PROBLEM STATEMENT — Give again, word for word, the line holding "ASOS Asos Grey" and every line after it through the end of the data below. Omit pictures.

Records excerpted from a collection
....................

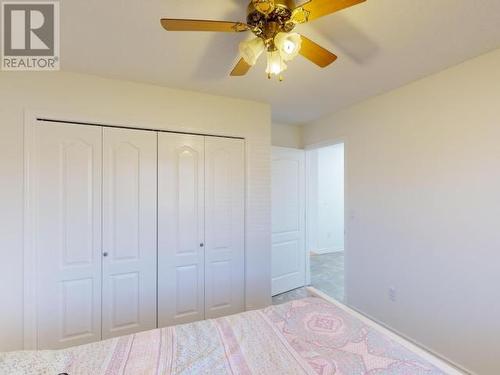 4363 Georgia Cres, Powell River, BC - Indoor Photo Showing Bedroom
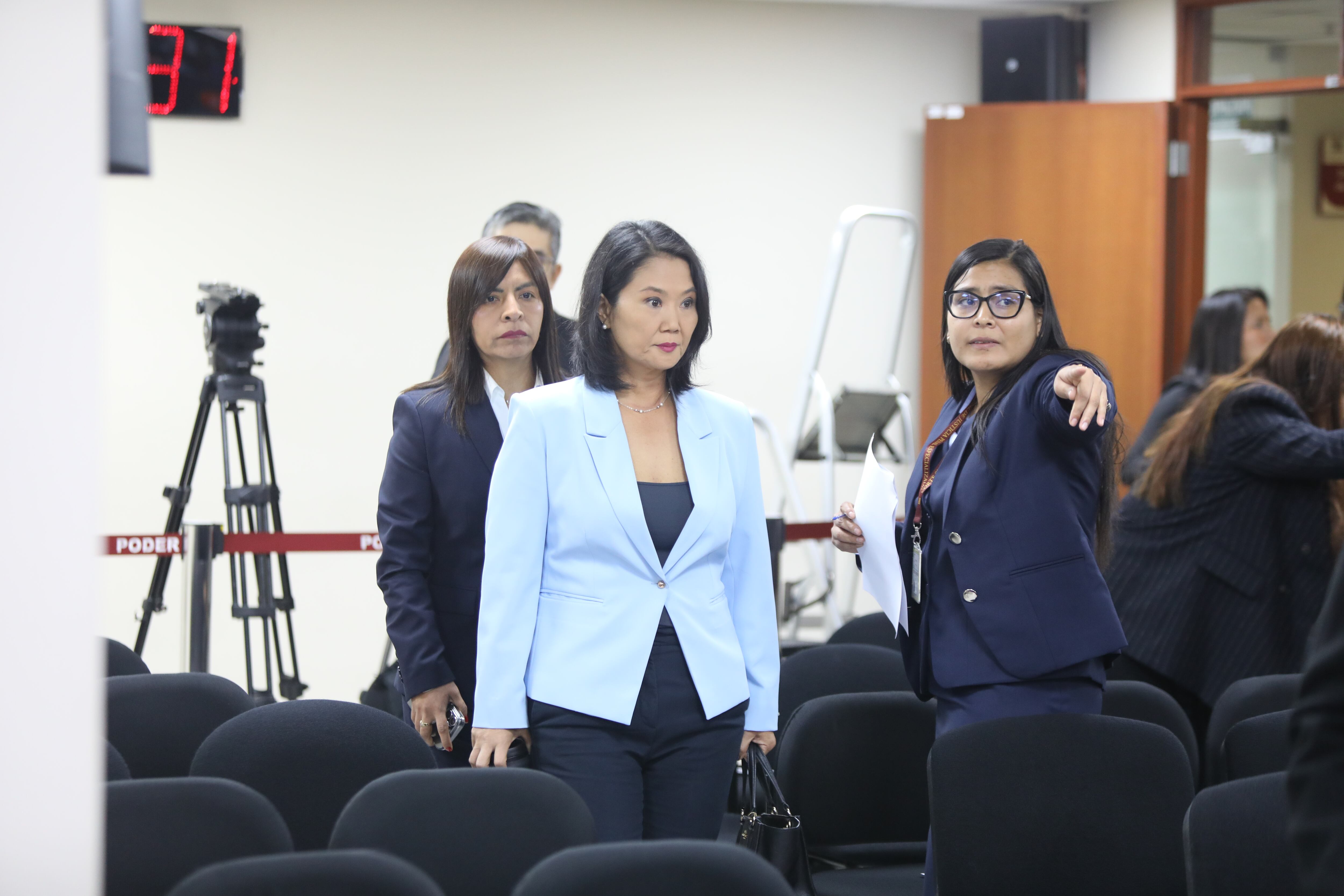 Detalles, incidencias, y personajes durante el primer día del juicio contra Keiko Fujimori y Fuerza Popular por el Caso Cócteles. Poder Judicial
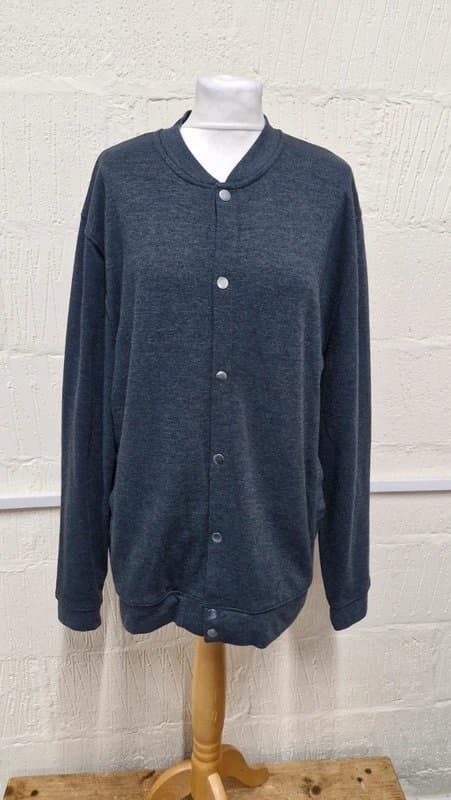 ASOS Asos Grey Men’s Button Cardigan. Size XL. GA92. V49a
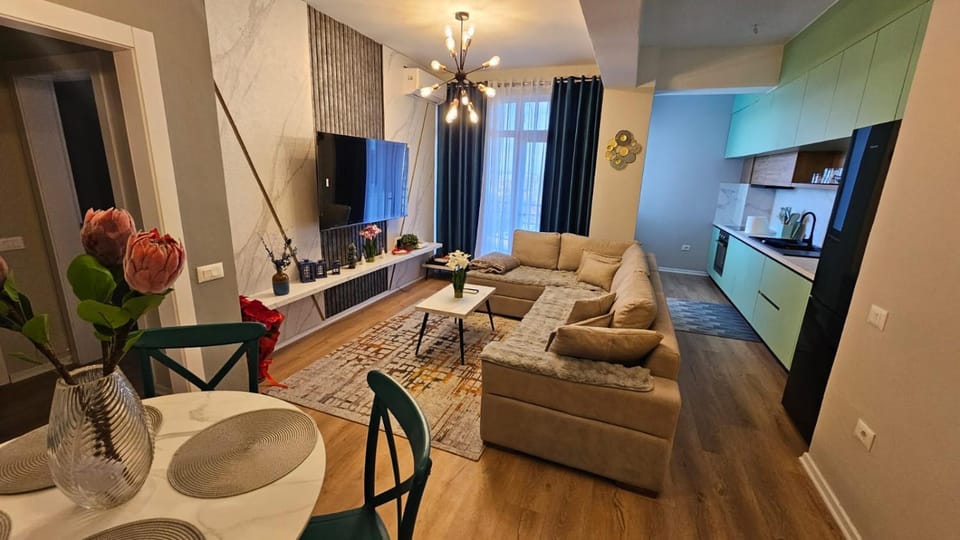 TV and multimedia, Kitchen or kitchenette, Living room, Seating area, Dining area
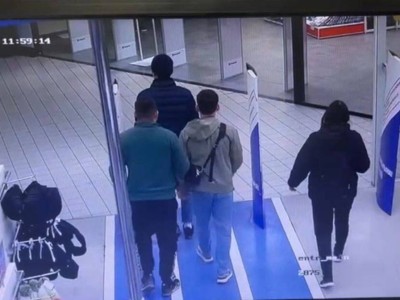 
                    Девушка на себе вынесла одежду из спортбутика в Астане
                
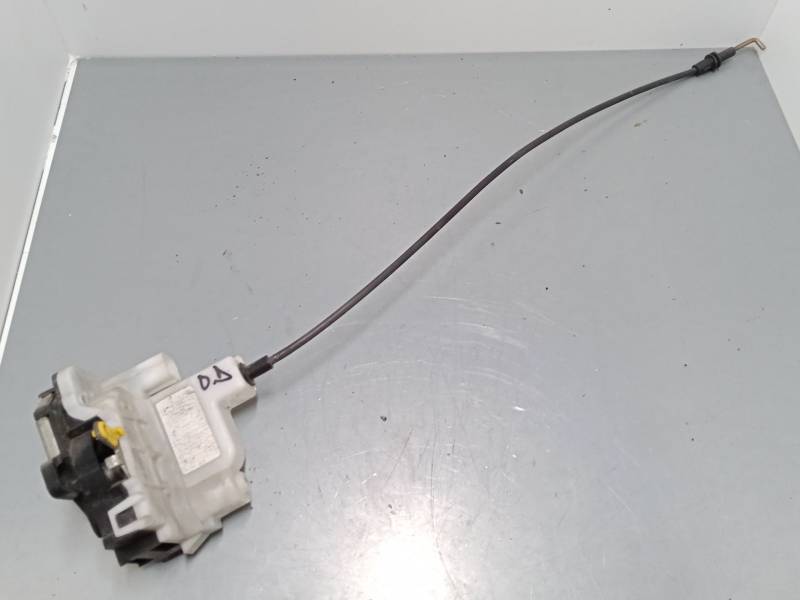 CERRADURA PUERTA DELANTERA DERECHA 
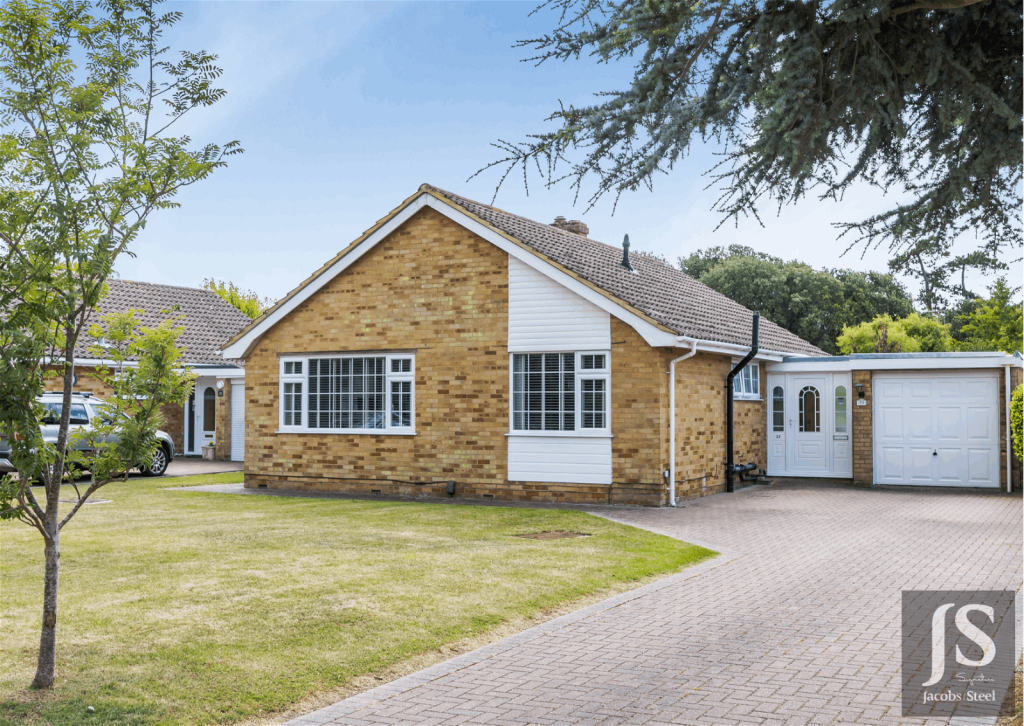 3 bedroom detached bungalow for sale in Fernhurst Drive, Goringbysea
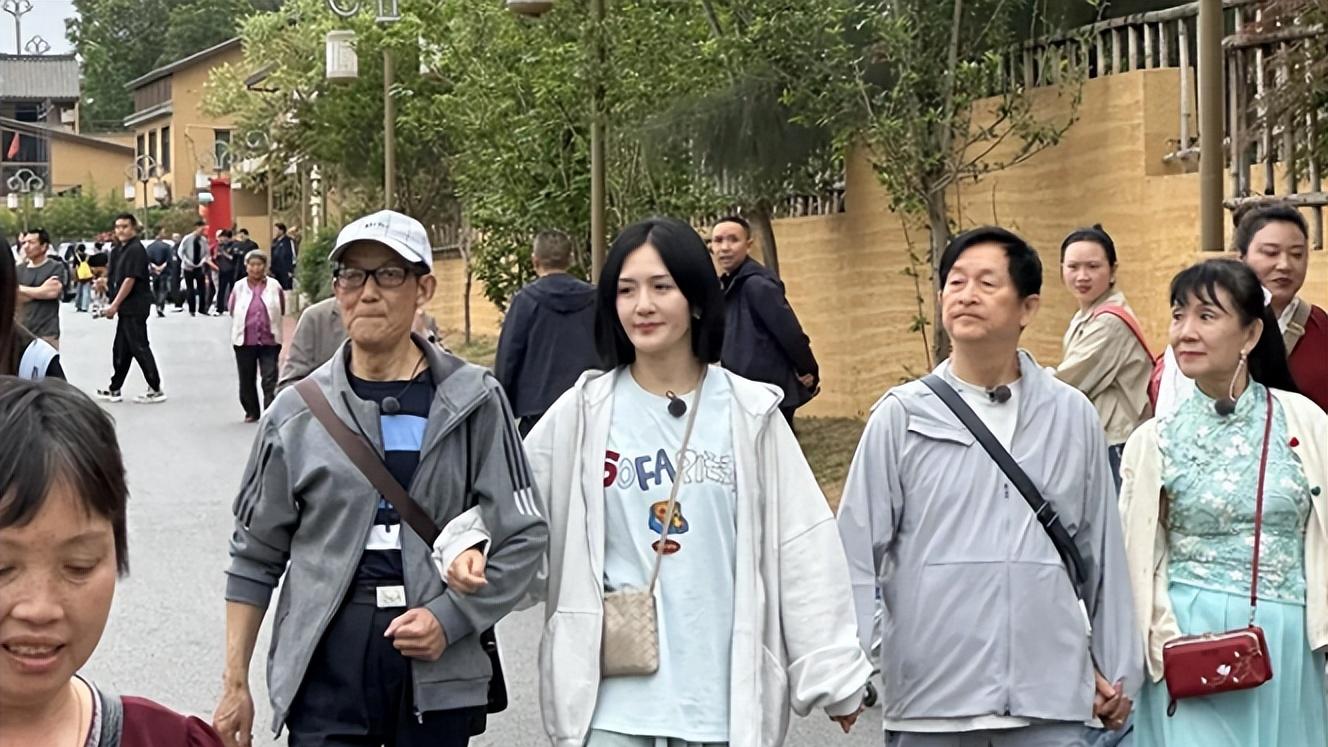 看了谢娜和家人一起的状态，才理解为何婚后13年 她依旧能拿捏张杰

....................

EXERCISE OUTPUT —
 ASOS Asos Grey Men’s Button Cardigan. Size XL. GA92. V49a
 TV and multimedia, Kitchen or kitchenette, Living room, Seating area, Dining area
                    Девушка на себе вынесла одежду из спортбутика в Астане
                
 CERRADURA PUERTA DELANTERA DERECHA 
 3 bedroom detached bungalow for sale in Fernhurst Drive, Goringbysea
 看了谢娜和家人一起的状态，才理解为何婚后13年 她依旧能拿捏张杰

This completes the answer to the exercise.